Primary LanguageJupyter Notebook

Gotham City Cabs

Problem Setup

It is around the year 2034 in the city of Gotham, and the last time Batman got into a fight with the Joker, the Batmobile (Batman’s high-tech car) was seriously damaged. Apparently, it would take his butler, Alfred, a while to fix the car and during that time Batman needs to use a cab to save people! Alfred needs your help to come up with a good prediction of the taxi trip duration between multiple points of the Gotham city. If he can make such predictions, then that significantly helps with Batman’s missions. Lucius (Batman’s tech support staff) has been able to pull out a rich dataset of the recorded taxi durations between various parts of the city and is sharing that with you for your modeling purposes.

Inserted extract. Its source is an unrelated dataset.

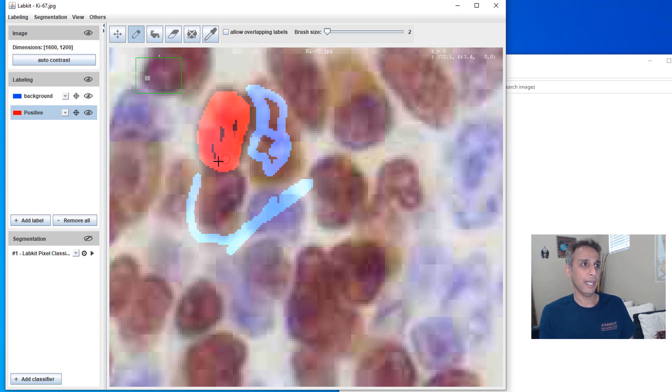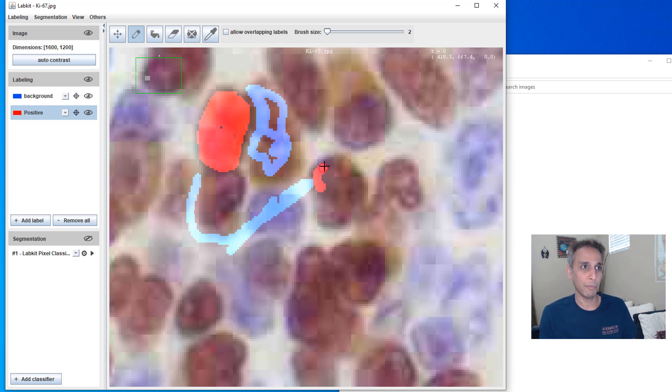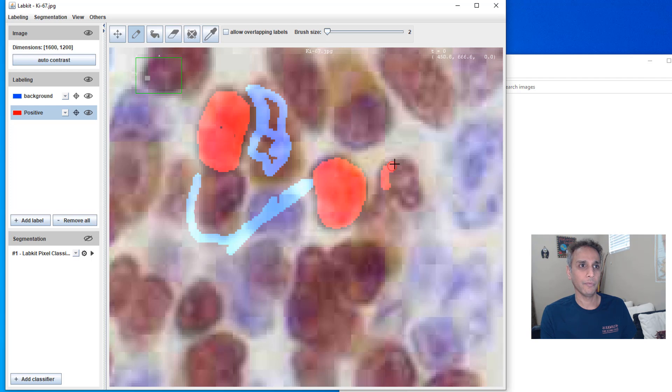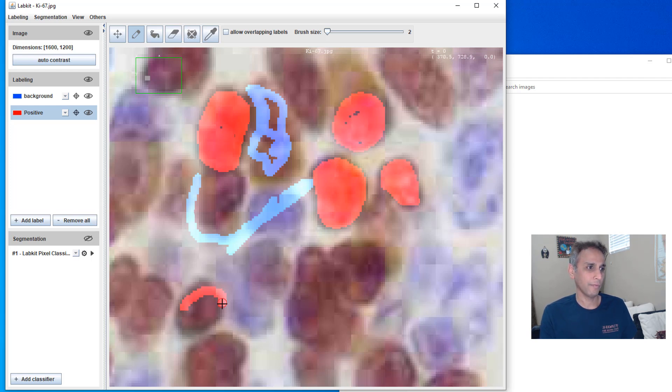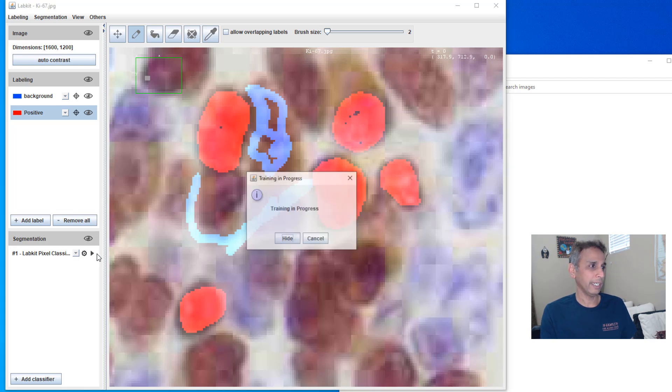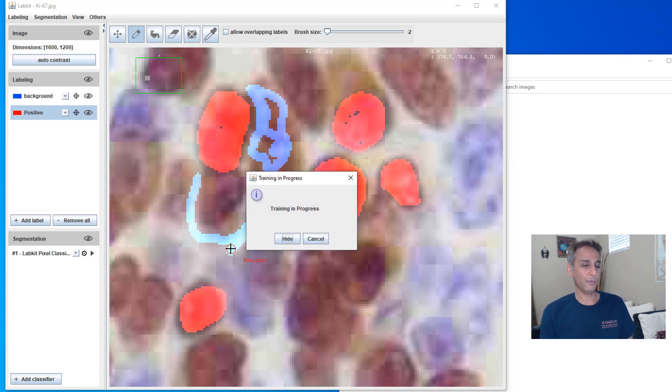I'm going to add a few more of these regions and you can add a few more positives also. If you think some of the positives are not being classified correctly, go ahead and add the positive pixels. Let's do this one more time.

The input features of the aforementioned data file are:

  • pickupdatetime:a variable containing a date and a time specifying the date and the time the taxi picked of a passenger. For instance, you may observe a pickupdatetime of “6/14/2034 3:00:00 AM”, which indicates the time the taxi picked up the passenger.
  • NumberOfPassengers: The number of passengers loaded to the cab. Note that all passengers are loaded together and are dropped off together. So in case you see 5 people loaded, it means they all got to the cab together and all got off at the destination.
  • pickupx:This is a variable that represents the x coordinate of the location the taxi picked up the passenger.
  • pickupy:This is a variable that represents the y coordinate of the location the taxi picked up the passenger.
  • dropoffx:This is a variable that represents the x coordinate of the location the taxi dropped off the passenger.
  • dropoffy:This is a variable that represents the y coordinate of the location the taxi dropped off the passenger.

The response variable is:

  • duration: which is the duration of the trip in seconds.